Kolkata’s Heritage Illumination Movement Goes National with 2,500-Light Project at Amritsar’s Khalsa College
Mudar Patherya, an urban revivalist and heritage conservationist from Kolkata, is expanding his widely acclaimed city-wide heritage illumination movement into a pan-India initiative. The national campaign kicked off at the historic, 300-acre Khalsa College campus in Amritsar, marking Patherya’s most complex and technically ambitious project to date. Unlike typical urban illumination tasks that require roughly 100 to 150 fixtures, this massive estate demanded nearly 2,500 lights. The intricate setup was strategically engineered to complement the building’s geometry and showcase its Indo-Saracenic facade, curves, domes, and sweeping sandstone arches against the night sky without altering or damaging the physical architecture.

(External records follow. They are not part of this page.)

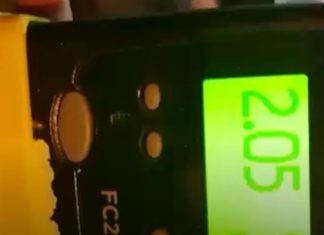 BORRACHA CON 2.05 DE ALCOHOL EN SANGRE LE DIO A UN ARBOL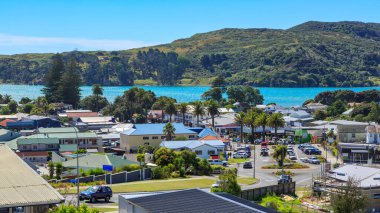 Yeni Zelanda 'nın Waikato Bölgesi' ndeki Raglan sahil kasabasının panoramik manzarası. Yazın burası sörfçüler ve tatilciler için popüler bir yerdir. 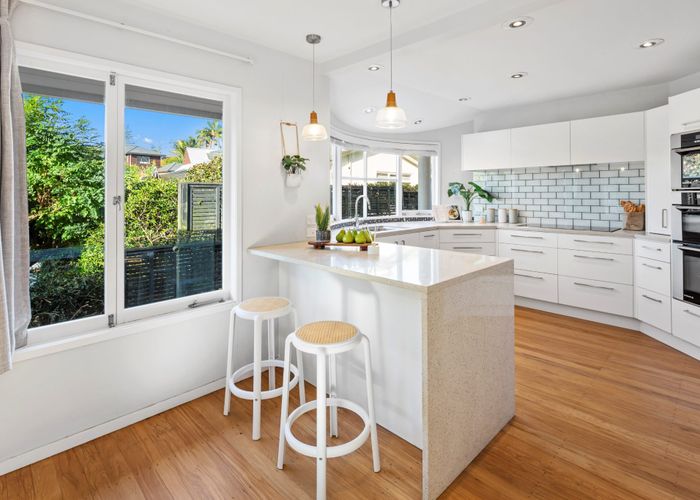  at 2/93 Kowhai Road, Mairangi Bay, Auckland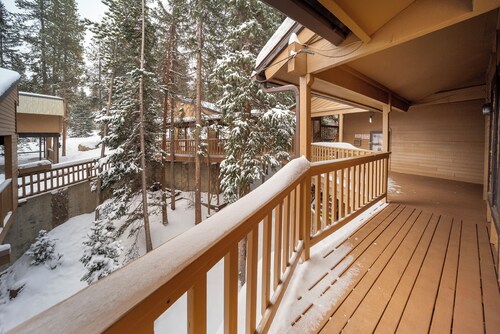 Creekside Unit 403 Spacious 3 bedroom river views, private deck, picnic area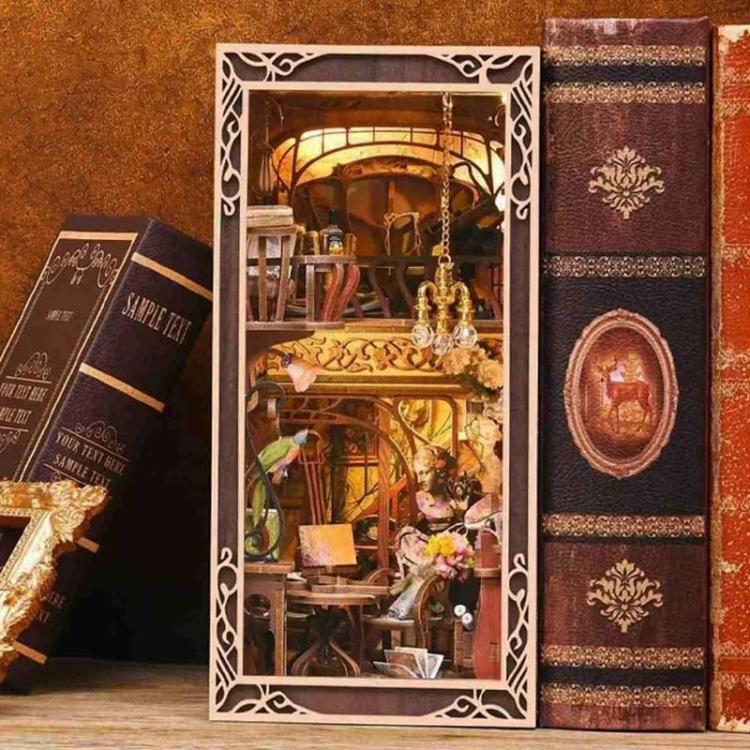 Miniaturowy domek Book Nook - Art Nouveau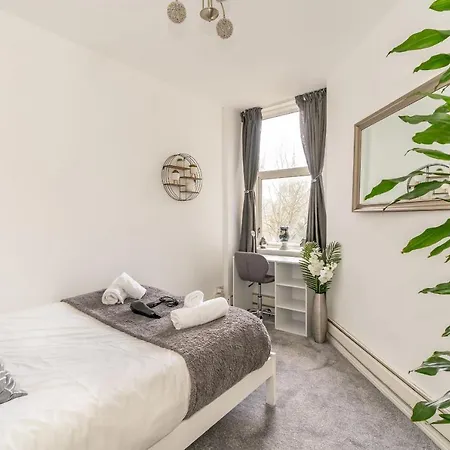 Charming 1 Bedroom -
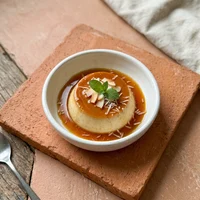 Flan de Coco, Luna Roja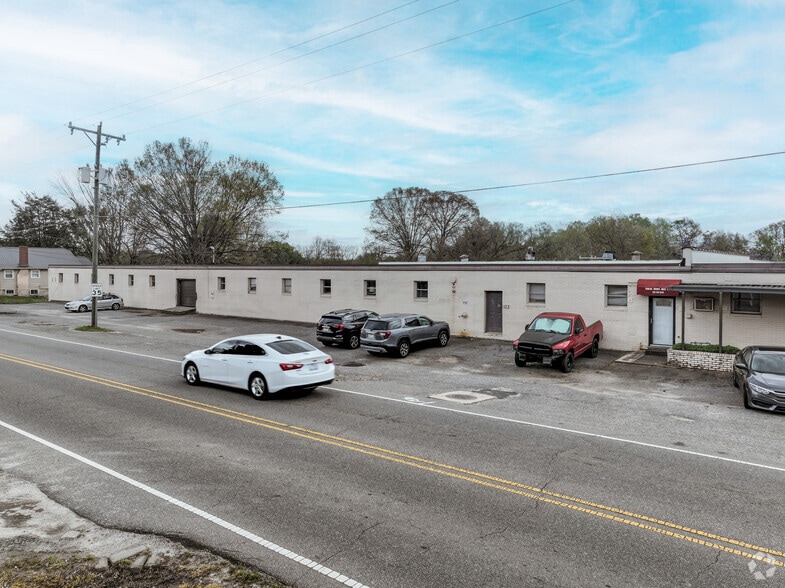 1530 16th St NE, Hickory, NC for sale - Building Photo - Image 2 of 6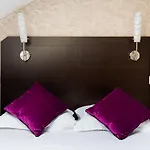 Opera Hotel 3*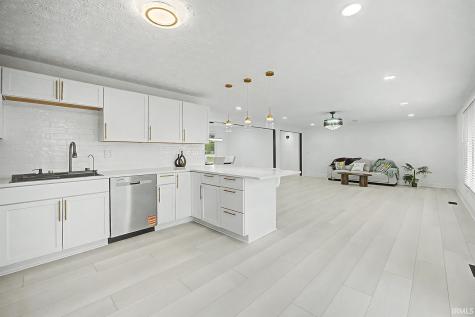 2612 E Michigantown Road Frankfort IN 46041
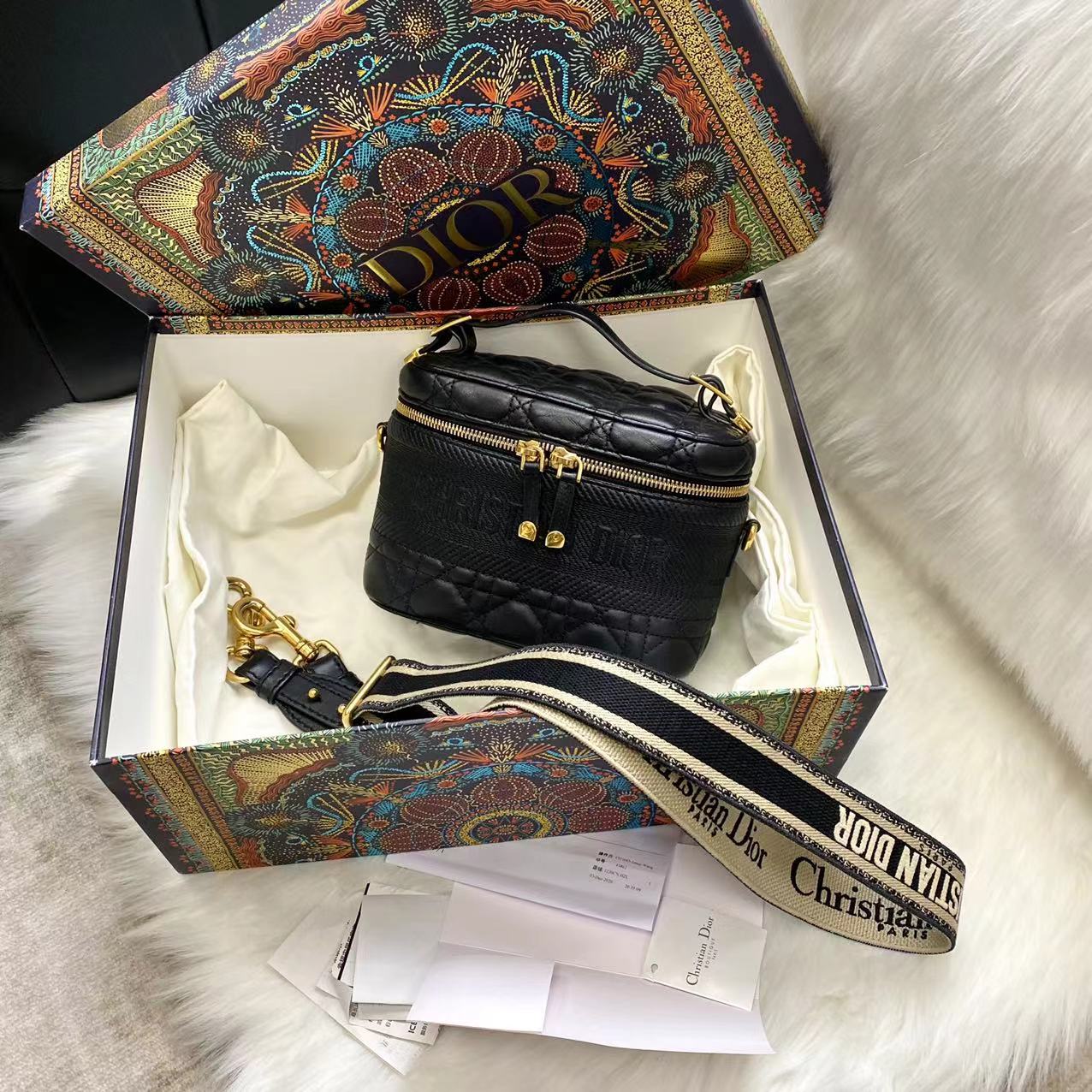 99新 DIOR/迪奥 迪奥   经典黑色藤格纹化妆包 手提斜跨包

The project progressed with incredible speed, securing management approval within two days and dispatching installation teams from Kolkata within a single month. The transformation was funded via corporate social responsibility (CSR) by Techno Electric and Engineering Company, whose managing director, Padam Prakash Gupta, is an alumnus of Khalsa College. Rather than treating lighting as mere cosmetic beautification, Patherya champions illumination as a strategic civic tool capable of building urban pride, generating evening tourism, and stimulating local economies through nightlife—all without the cost of constructing new monuments. Striking a delicate balance with historical authenticity, the project deliberately avoids aggressive color-changing LEDs, utilizing subtle, warm yellow lighting to reveal the true beauty of the architectural legacy.